Maybe we can have that
Jimmy Mesta: as an answer. So, I mean, picking on like TLS certificates as an easy example typically , the pattern is to use something like the cert manager project, which is going to sit inside of the cluster, probably integrating with Lets Encrypt or something like that. And it’s going to revoke and refresh and deal with cert rotation, things like that for TLS termination at like an ingress perspective from like, call it engine X.
That’s a fairly established pattern. I don’t think it is an external reliance though, right? You are not using baked in Kubernetes things, [00:47:00] certain managers. A third party component, sort of, kind of. So , you’re taking certs and trusting this thing, putting them into local storage typically and terminating TLS.

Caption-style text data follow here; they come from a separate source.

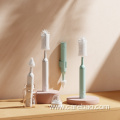 Easy Cleaning Milk Bottle Brush Nipple Brush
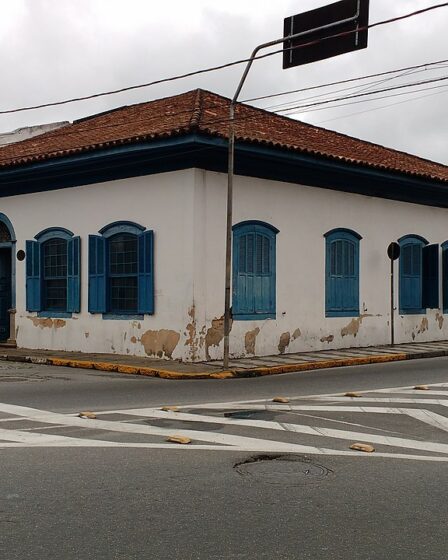 Casarão do Carmo em Mogi das Cruzes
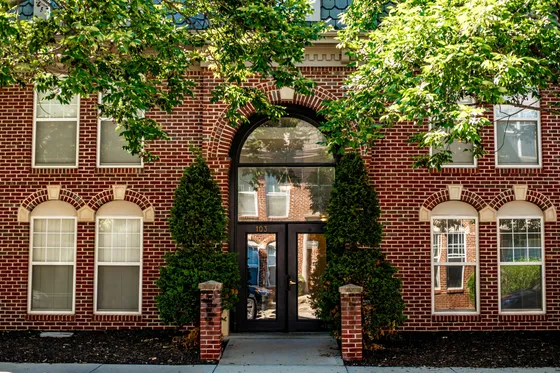 Building Entrance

there’s a ca, there’s a certificate authority in the Kubernetes API that’s kind of a different story where you’re minting client certificates for access to the cluster. Mm-hmm. , I don’t think you wanna yank that out and do it elsewhere. I mean it, because there’s too many internal complexities there.
The kubelet needs the ca and things like that. I would pick, pick something. Yeah. Straying away from the pack. When it comes to cert management, PKI stuff is usually a bad idea. So , just use the defaults. Use your cloud provider. Offerings and use what Kubernetes has established.

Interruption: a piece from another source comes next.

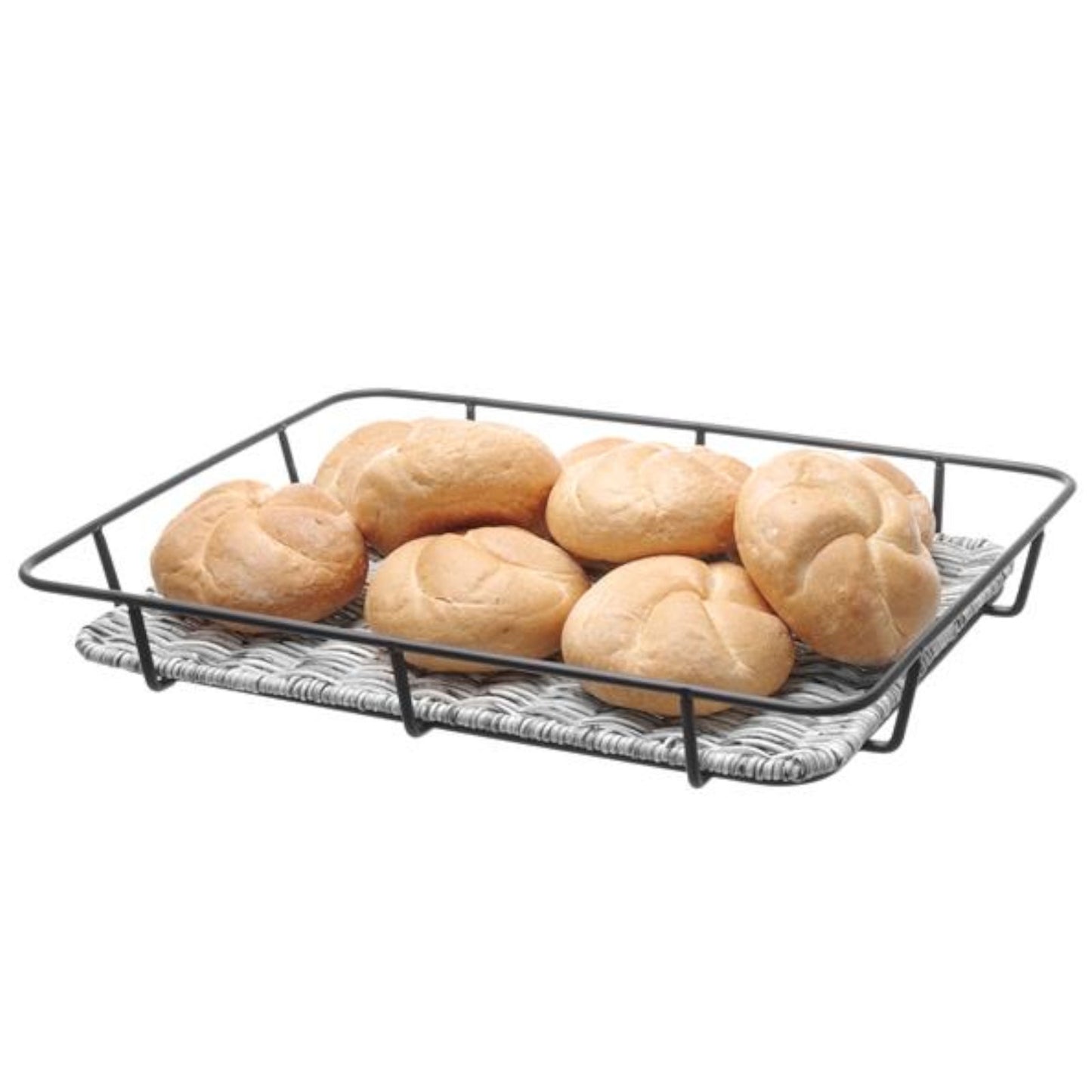 Bread Boxes & Bags – Bread tray basket with stainless - Carlat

Ashish Rajan: Awesome. Great answer as well. Hopefully that answer your question side. That’s I think the final question that I had for the interview was just where can people learn about securing kubernetes Man, I think, is there any thoughts on where people can learn about [00:48:00] kubernetes and security within Kubernetes?
Jimmy Mesta: Yeah, you can come to Kubecon and come to one of our workshops. You can go to kubernetes.io. There’s a lot of security content there and like, it’s a great reference. There’s the, the top 10 has lots of links that OWASP cheat sheet, you could follow me on Twitter at Jim Mesta. I post Kubernetes security stuff pretty much solely and like maybe some mountain biking things, but , there’s more and more out there.

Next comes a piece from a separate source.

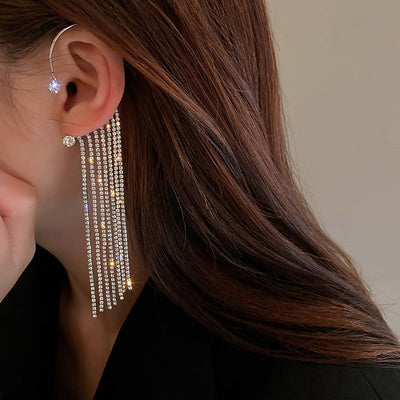 Dream Weave Tassel Earring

And yeah, I think. There’s a certification, The cks right? The certified Kubernetes or Right. Cks certified Kubernetes security. I guess that’s it. Yeah. Yeah. You could take that. Yeah, and, there’s more than ever. I, yeah, six years ago I was writing a lot of the stuff from scratch and it’s pretty amazing where we’ve come.
There’s Hacking Kubernetes by the folks at Control Plane Andrew Martin. Oh yeah. And that’s a , great [00:49:00] reference. Yeah, there’s, Oh, I Shortage of Information Cupboard as well. There’s Kube goat. Yeah. Yeah. That’s Madhu’s project. Yeah,
Ashish Rajan: that’s
Jimmy Mesta: for many now. Yeah. We have a awesome Kubernetes security GitHub page.
It’s Okay. I’ll send it to, It has a bunch of links.
Ashish Rajan: Oh yeah. Sweet. Yeah. I’ll probably add another show notes as well. So just mindful. Yeah, I’ll probably share the link with the show notes. But where can people find you? Man, I think I’ve been taking way too much of your time as well, but I really appreciate this time spending with us.
So where can people find you on the internet? They have more kubernetes best practice security
Jimmy Mesta: questions. Yeah, just jim mesta on Twitter. You can hit me up on LinkedIn too. I saw you and Shilpi had some post today that has like 900 million reactions. I got like 45 LinkedIn requests today from that post . Yeah LinkedIn’s pretty good.
If you could cut through the, cut through the noise and my dms there or Twitter is fine. Yeah. Or [00:50:00] jimmy@koc.com. Yeah, hit me up anytime.
Ashish Rajan: I’ll lead those links in the show as well. But dude, thanks so much for coming on and sharing all this as well. And thank you for giving light to the Top 10 project as well for , at least now we to go to
Jimmy Mesta: as well.
Please contribute. It’s getting translated into different languages. We have like 10 active contributors, so I’m excited. Come on by and we’ll make it better over time. Awesome.
Ashish Rajan: All right. Thanks everyone. Thank you for all the commenting questions as well.
And I’ll see everyone else who was online as well for next episode on next weekend for Kubernetes again. But yeah, thanks so much for Jimmy and thanks. Thanks man. Talk to you soon. Bye. Thanks everyone.